Polignano a Mare (; Barese:  ) is a town and comune in the Metropolitan City of Bari, Apulia, southern Italy, located on the Adriatic Sea. The local economy mostly depends on tourism, agriculture and fishing.

History
The area has been settled since prehistoric times, evidenced by archaeological excavations in the locality of Santa Barbara. It is believed to be the site of the ancient Greek city of Neapolis of Apulia. Nowadays, some historians suggest that this latter was one of the two colonies founded during the IV century b.C. by Dionysius II of Syracuse; other sources, instead, claim Julius Caesar as the father of Polignano a Mare, which might have been a central hub along the well-known Via Traiana.

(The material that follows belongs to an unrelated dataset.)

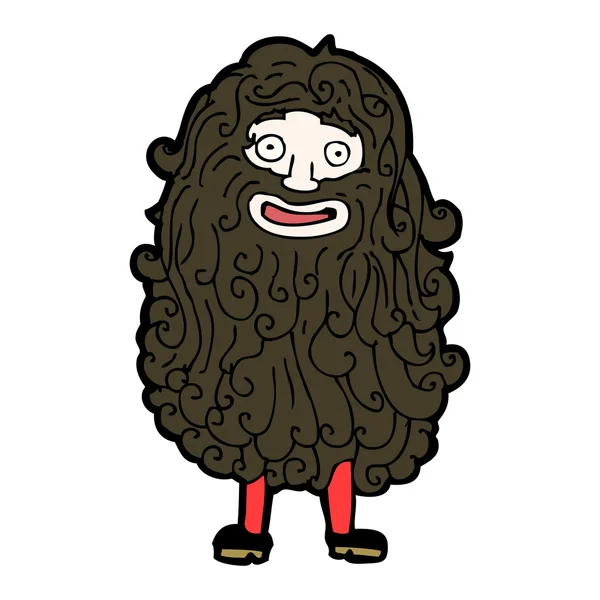 Cartone animato uomo barbuto — Vettoriale Stock
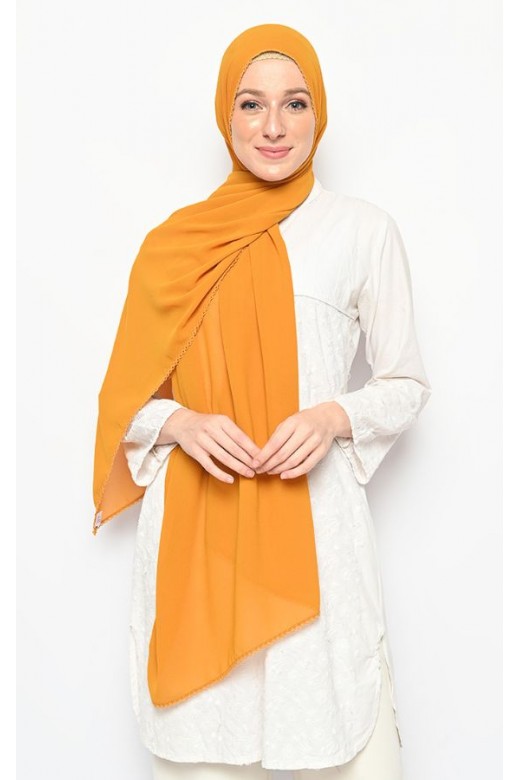Pasmina Cerutti Crochet Mustard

Thanks to its strategic position on the Adriatic Sea, it soon became a trade centre, at least until the introduction of a Greek coin bearing the "NEAII" inscription.

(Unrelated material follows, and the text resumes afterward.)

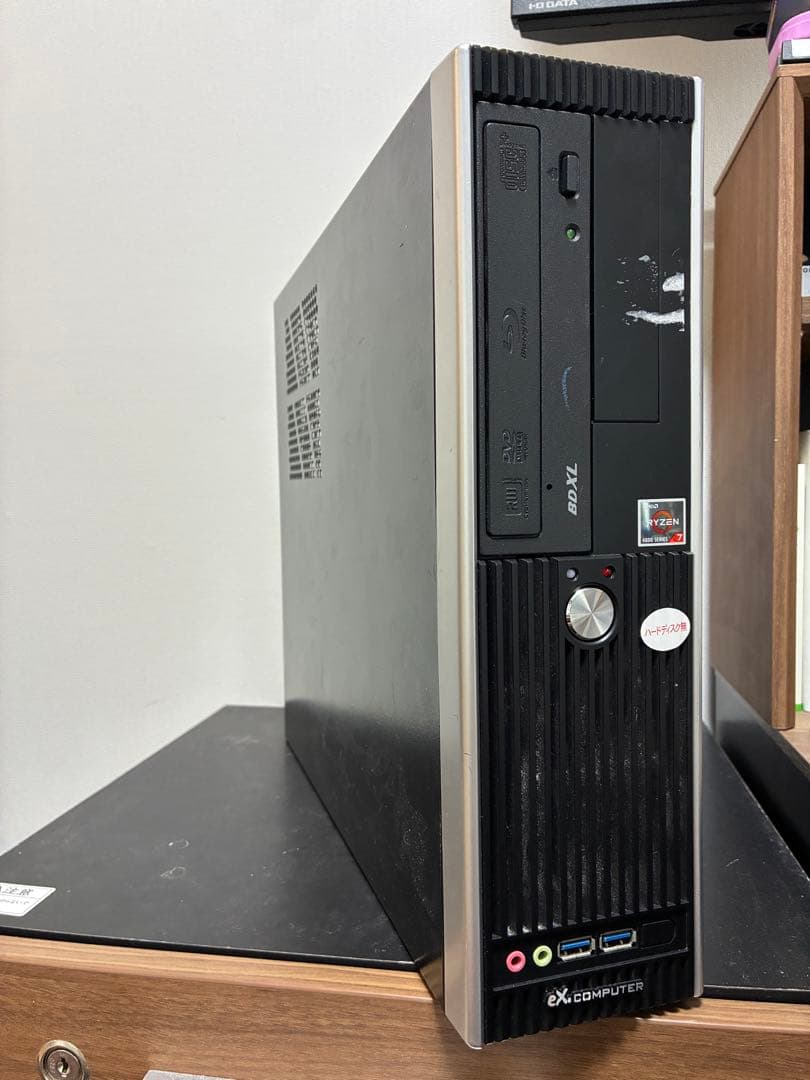 スリムタワー デスクトップPC Ryzen7 4750G 32GB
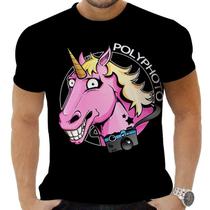 Camiseta Camisa Personalizada Animal Mágico Unicórnio 1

The foreign dominations led the town to a greater development and recognition. The Byzantine Empire, in the VI century, turned it into a municipal structure; subsequently, it was dominated by the Normans, who, during the XI century made the local economy thrive by boosting the production of the olive oil. The fortification of the suburb, on the other hand, has plainly to be attributed to the Angioinians, who secured the protection of the land from potential threats including the Turkish army and the different kinds of epidemics.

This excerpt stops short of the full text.